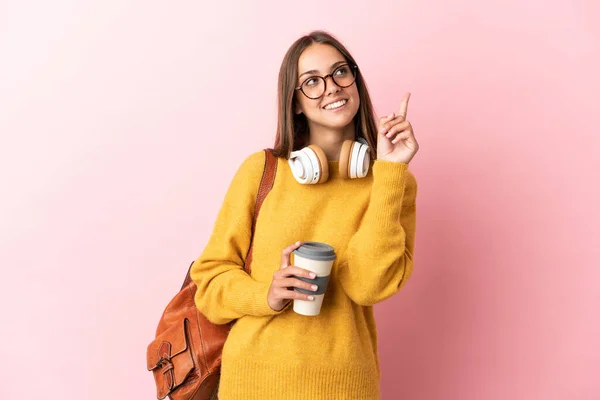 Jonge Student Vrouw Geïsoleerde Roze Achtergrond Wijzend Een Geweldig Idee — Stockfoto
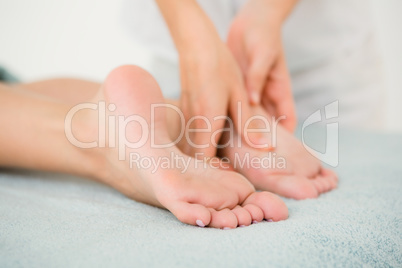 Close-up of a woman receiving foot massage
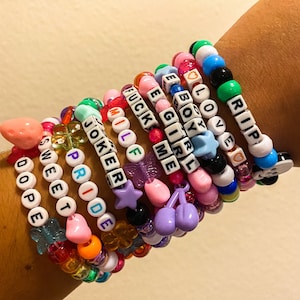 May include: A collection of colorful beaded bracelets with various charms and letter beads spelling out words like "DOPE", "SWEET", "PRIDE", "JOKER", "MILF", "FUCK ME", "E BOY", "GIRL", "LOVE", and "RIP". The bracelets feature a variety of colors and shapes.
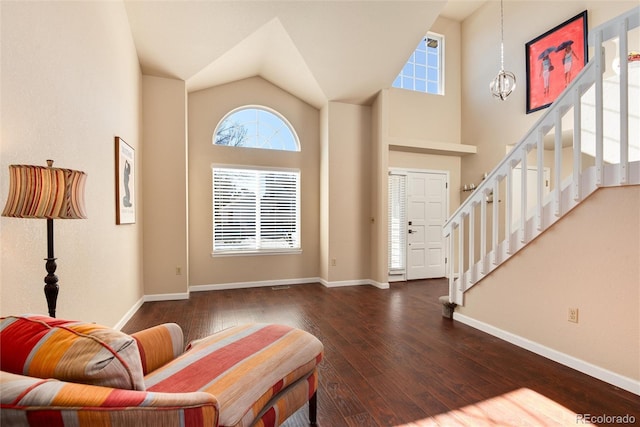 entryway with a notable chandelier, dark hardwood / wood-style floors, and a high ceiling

------------------------------

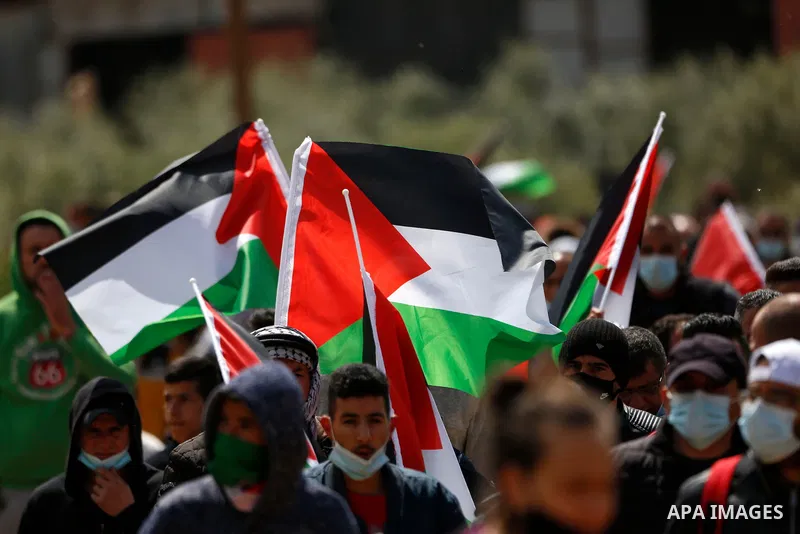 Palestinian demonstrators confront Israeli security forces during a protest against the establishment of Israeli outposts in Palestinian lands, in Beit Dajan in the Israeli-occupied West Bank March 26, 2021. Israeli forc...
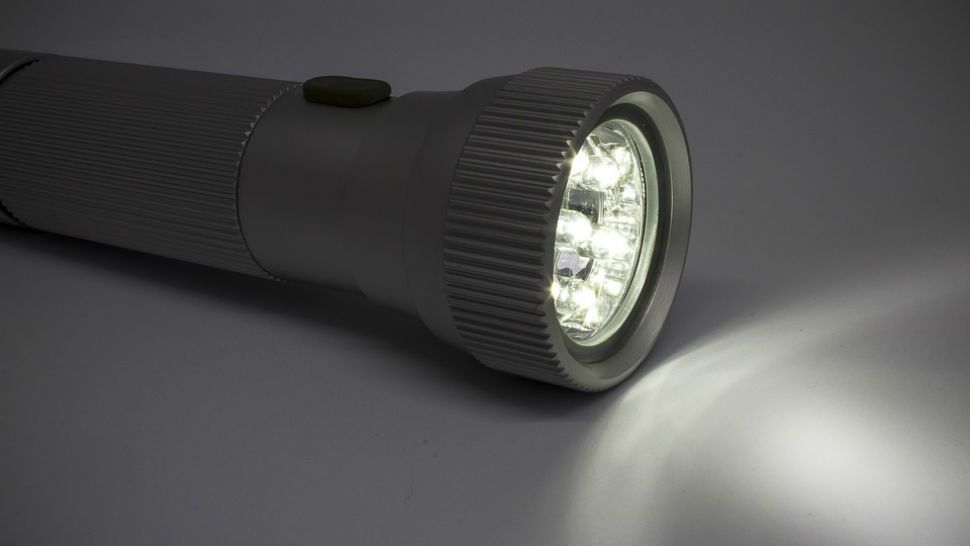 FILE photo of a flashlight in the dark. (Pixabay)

------------------------------

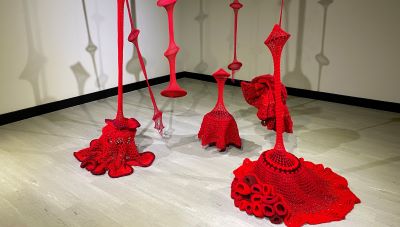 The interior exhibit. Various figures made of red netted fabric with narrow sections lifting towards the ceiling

------------------------------

• Activity
Quote the lines above exactly, starting with the one that has "Jonge Student Vrouw" and ending with the one that has "entryway with a"; drop the pictures and include nothing else.

• Problem solution
 Jonge Student Vrouw Geïsoleerde Roze Achtergrond Wijzend Een Geweldig Idee — Stockfoto
 Close-up of a woman receiving foot massage
 May include: A collection of colorful beaded bracelets with various charms and letter beads spelling out words like "DOPE", "SWEET", "PRIDE", "JOKER", "MILF", "FUCK ME", "E BOY", "GIRL", "LOVE", and "RIP". The bracelets feature a variety of colors and shapes.
 entryway with a notable chandelier, dark hardwood / wood-style floors, and a high ceiling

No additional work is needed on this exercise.